Q: I boarded a Greyhound bus from Arcata, California, to Oakland, at 9:30 a.m. A few miles down the road, the bus broke down on Highway 101. The driver pulled over to the shoulder. She announced that the radiator had lost water, and contacted her supervisor, who said help was on the way.
After over an hour, our driver said the company was bringing a replacement bus from San Francisco. Another bus was in Arcata, but no driver was available. Greyhound offered no other options.
In order to be out of harm’s way, the driver was able to pull into the small town of Myers Flat. The passengers were in need of food and water for the long wait. Around 1 p.m. the driver announced that a bus from San Francisco – five to six hours away – had left at 12 p.m. This meant we would not reach Oakland until after midnight.
I had no other choice but to take a local bus back to Arcata, secure a hotel for the night and schedule my return for the next day. This was a very unfortunate and inconvenient experience for me (and for the other passengers). As a result, I had the unanticipated expenses of an overnight stay plus transportation costs the next day.

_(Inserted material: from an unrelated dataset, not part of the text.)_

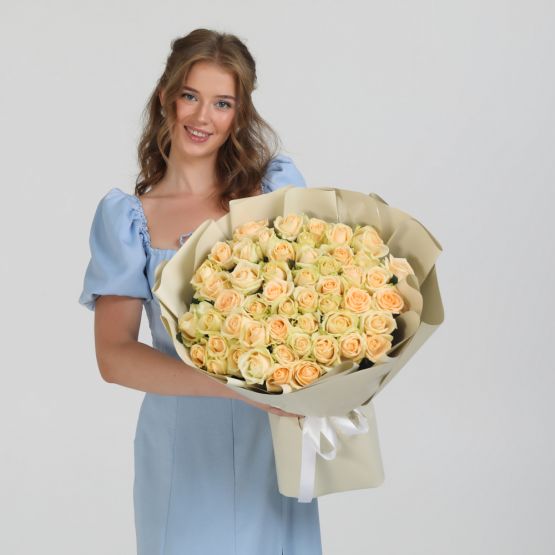 51 роза Пич Аваланч 60 см
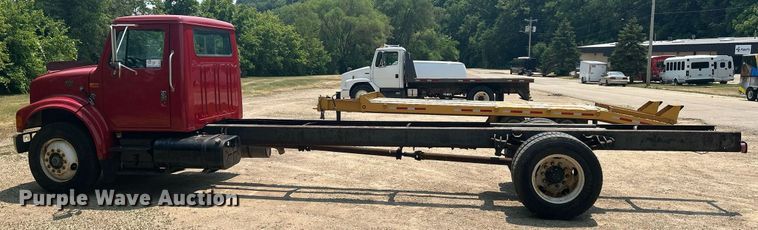 image for item DR4717 1999 International 4700  truck cab and chassis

I wrote a letter to Greyhound asking for a refund, and followed up a month later. I have not received any response. I would like to have the $58 I paid for my ticket refunded, plus the price of staying overnight in Arcata, $108.

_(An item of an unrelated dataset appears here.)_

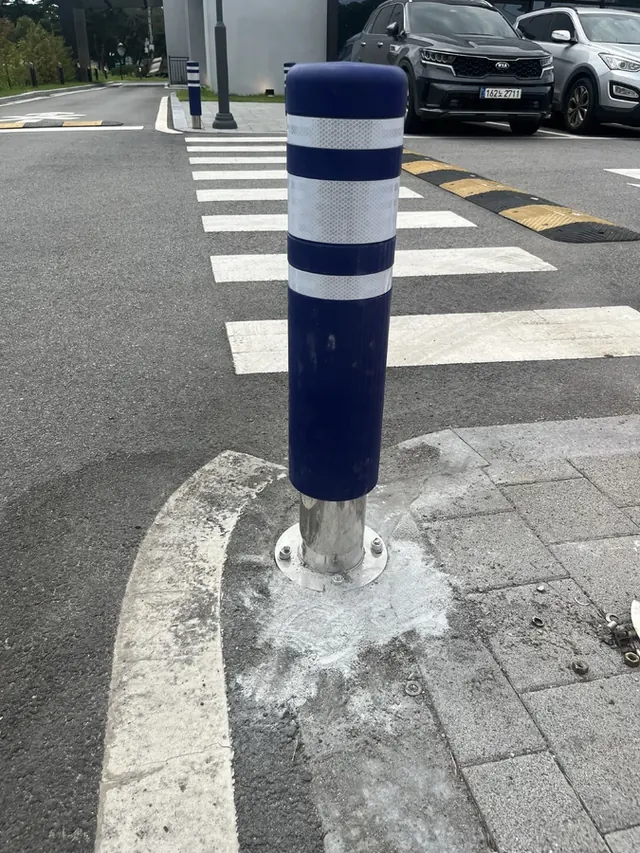 횡단보도 모서리 볼라드시공 현장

Vivian Pisano, Berkeley, California
A: Greyhound should have sent a replacement bus for you and the other passengers promptly. Making you wait 10 hours isn’t reasonable. I also would have made my own arrangements for a hotel after this Greyhound bus delay and found another way to get to Oakland, which you did.
Greyhound’s Terms and Conditions of Purchase & Carriage, the legal agreement between you and the company, says that it is not responsible for keeping its schedules. “Carrier is not responsible for delays caused by breakdowns, road conditions, weather or other conditions beyond carrier’s reasonable control,” it says. But, it adds, Greyhound will make “reasonable attempts” to minimize the delays or make alternate arrangements to enable bus travel to your final destination.

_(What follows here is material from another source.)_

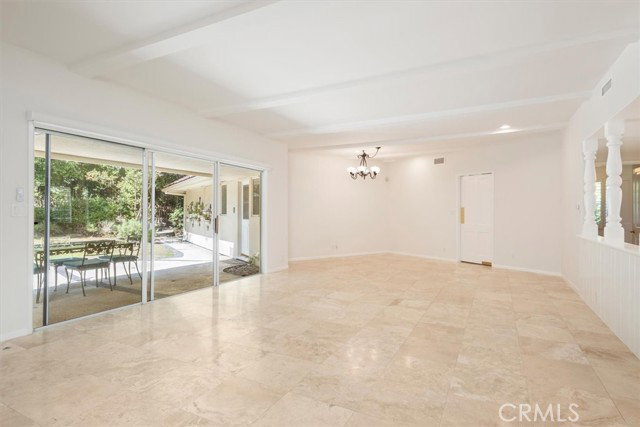 Photo - 3969 Longridge Ave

What’s interesting about this clause is that Greyhound is explicitly saying it isn’t responsible for failing to maintain its buses. In other words, the radiator problem you experienced was preventable by Greyhound, but the company says it isn’t liable. In other sectors of the travel industry, that wouldn’t fly. Airlines, for example, compensate passengers when there’s a mechanical delay.
At a minimum, Greyhound should have quickly refunded your ticket. I also think you might have asked about a hotel. Its contract promises to make “alternate arrangements,” which may include covering your hotel for a night.
I list the names, numbers and email addresses of the Greyhound executives on my consumer-advocacy site. A brief, polite email to one of them might have at least gotten you a refund for this Greyhound bus delay.
I contacted Greyhound on your behalf. It agreed to refund your ticket and cover your hotel costs.